Comparing the Traditional Perceptron and Hashtron Classifiers
The Traditional Perceptron
The perceptron is one of the oldest binary classification algorithms, inspired by biological neurons. Here’s how it works:
Summary
-
Input: Receives a feature vector x = [x₁, x₂, …, xₙ] of size m
-
Weights: Maintains learnable weights w = [w₁, w₂, …, wₙ] of size m
-
Activation: Computes output using a step function:
$${f(z) = \begin{cases} 1 & \text{if } z \geq 0 \\ 0 & \text{otherwise} \end{cases}}$$
where:
$${z = w · x + b}$$
(b is a bias term). -
Learning: Updates weights through error correction:
$${w ← w + α(y - ŷ)x}$$
where α is the learning rate, y is the true label, and ŷ is the prediction.
Hashtron’s Hash Function
Before discussing Hashtron, let’s examine its core hash operation conceptually:
\[\text{hash}(\text{input}, \text{salt}, \text{modulo}) = \text{mix}(\text{input}, \text{salt}) \mod \text{modulo}\]
The deterministic hash function maps any integer input to a hash digest in the range [0, modulo-1]. For more details how this works, see the previous article.
Introducing Hashtron
The Hashtron classifier takes a radically different approach compared to classical neural networks. Instead of learned weights, it uses a program defined as:
Hashtron Program Structure
An array of n tuples containing (salt, modulo) values:
$${Program = [(s₀, m₀), (s₁, m₁), ..., (sₙ₋₁, mₙ₋₁)]}$$
Typically:
- Salts sᵢ are arbitrary integers, resulting from machine learning (to be described in a subsequent article).
- Modulus mᵢ are monotonically decreasing and depend on the learning rate that was used when training.
- Final modulo mₙ₋₁ = 2 (forces binary output).
Classification Process
-
Initialize state: x₀ = input command.
-
Iteratively apply hash operations:
$${xᵢ₊₁ = hash(xᵢ, sᵢ, mᵢ)}$$
-
Final output: xₙ ∈ {0,1} (when final modulo (mₙ₋₁) is 2).
Example inference chain:
$${Command → hash(Command, s₀, m₀) = x₁}$$
$${x₁ → hash(x₁, s₁, m₁) = ... → xₙ = BinaryOutput}$$
Hashtron Program Serialization
To optimize disk storage, programs are encoded using delta compression:
Tuple Position | Salt Storage | Modulo Storage |
---|---|---|
First (i=0) | Stored directly: s₀ | Stored directly: m₀ |
Subsequent (i>0) | $${Δsalt = sᵢ₋₁ ⊕ sᵢ}$$ |
$${Δmod = mᵢ₋₁ - mᵢ}$$ |
Example Reconstruction:
Reconstructing second tuple:
$${salt₁ = salt₀ ⊕ storedSalt₁}$$
$${mod₁ = mod₀ - storedMod₁}$$
Reconstructing i-th tuple
$${saltᵢ = saltᵢ₋₁ ⊕ storedSaltᵢ}$$
$${modᵢ = modᵢ₋₁ - storedModᵢ}$$
This delta encoding significantly reduces storage requirements compared to storing raw values.

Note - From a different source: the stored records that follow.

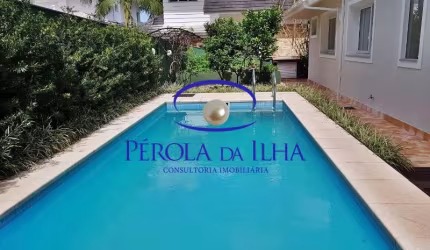 Casa em condomínio fechado com 4 quartos à venda no Cacupé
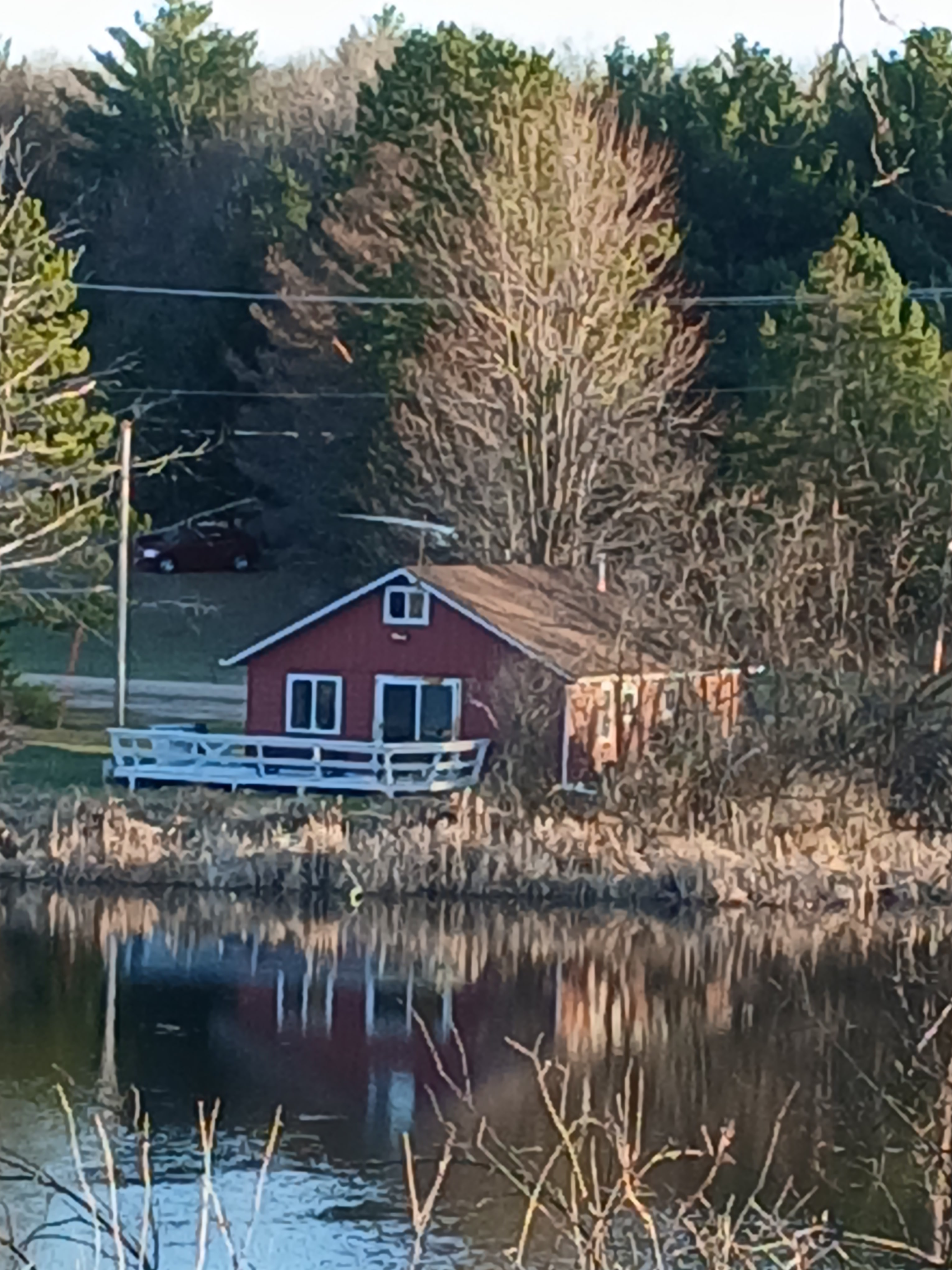 Cute Lakeside Cabin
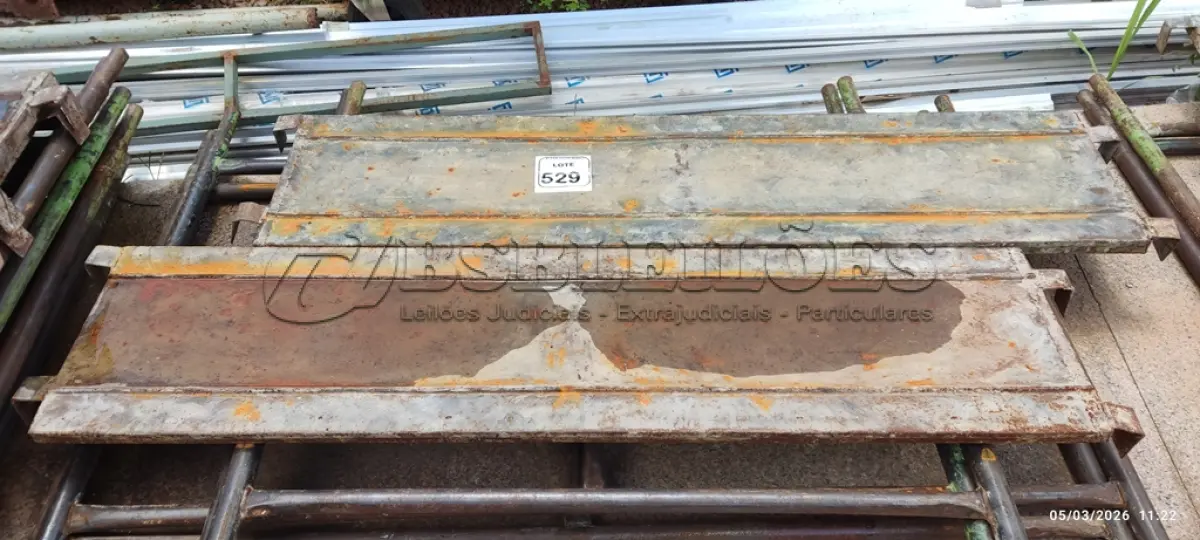 LOTE 529 - 02 PEÇAS DE ANDAIME DE 1X1,5M, 02 PEÇAS DE ANDAIME DE 1X1M E 02 PISOS METÁLICOS DE 1,5M. (NO ESTADO) ATENÇÃO! FAZER A VISITAÇÃO ANTES DE ARREMATAR, NÃO SABEMOS SE FUNCIONA, LEILÃO NÃO TEM GARANTIA E NEM DEVOLUÇÃO, SUJEITO A POSSÍVEIS AVARIAS VISÍVEIS/OCULTAS E/OU AUSÊNCIA DE COMPONENTES.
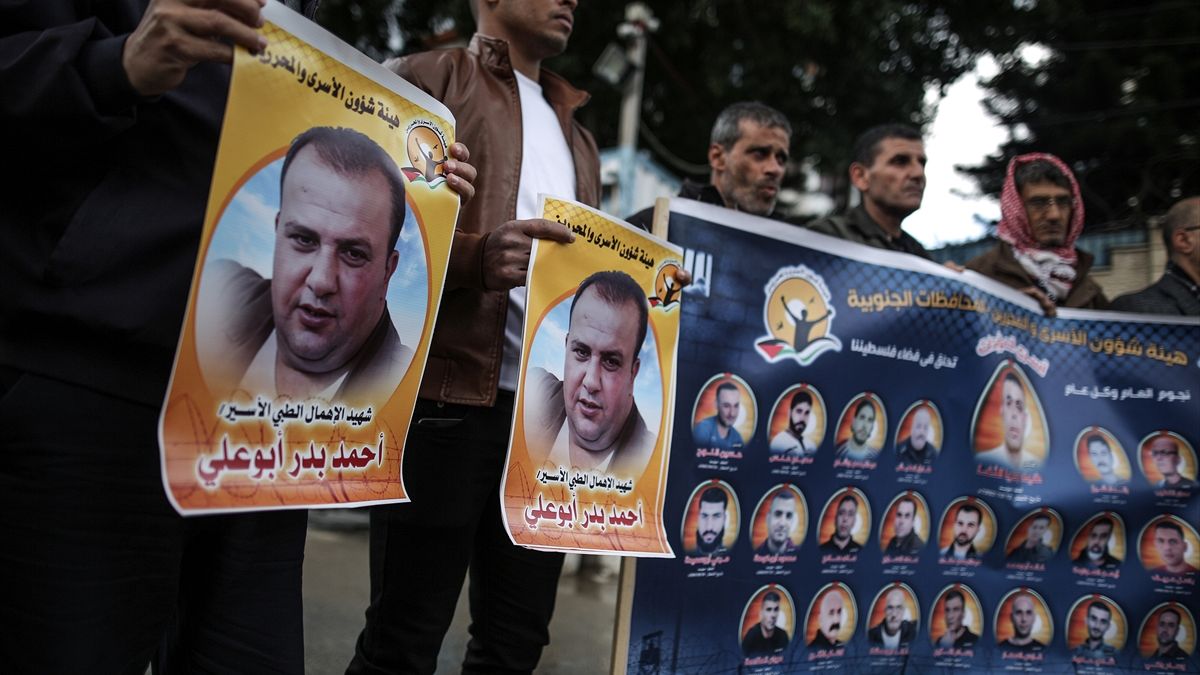 UNDP ofisi önünde toplanan bir grup, Filistinli tutuklulara yönelik baskıya karşı protesto etti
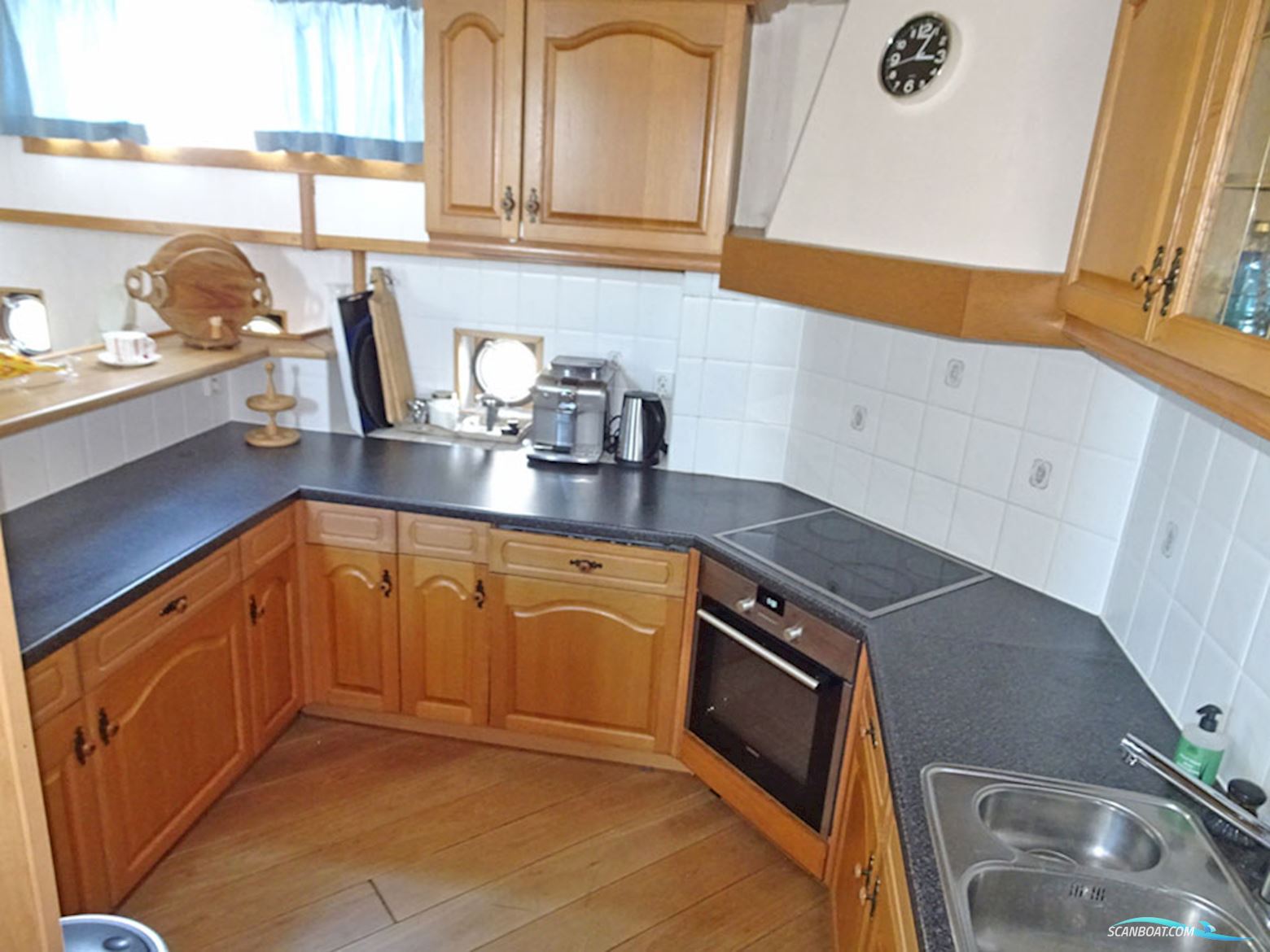 Luxe Motor 36.72, Cbb Rijn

Why XOR encoding for salts?
The learning algorithm searches the “next” salt near the previous salt as an optimalization. The consecutive salts were noticed to be similar integers. Thus the learning algorithm brutefortes nonce starting from nonce 0, such that nonce ⊕ previous salt doesn’t cause any collision between the true set and the false set.
That’s why the xors of nearby salts tend to be small integers. This reduces the storage requirement.
Implementation Reference
Hashtron inference has been implemented in multiple programming languages. See working examples at:
Rosetta Code - Hashtron Inference
Key Differences
Aspect | Perceptron | Hashtron |
---|---|---|
Learning | Weight updates | Program configuration |
Space Complexity | $${O(m)}$$ for weights |
$${O(n)}$$ for hash chain |
Explainability | Weight interpretation | Opaque hash chain |
Execution | Matrix multiplication | Hash chain evaluation |
Arithmetic | Floating point | Integer |
Problem domain | Differentiable | Arbitrary |
Disadvantages | Linear separability | Novel algorithm |
Both approaches demonstrate different philosophical approaches to machine learning: parametric vs. algorithmic.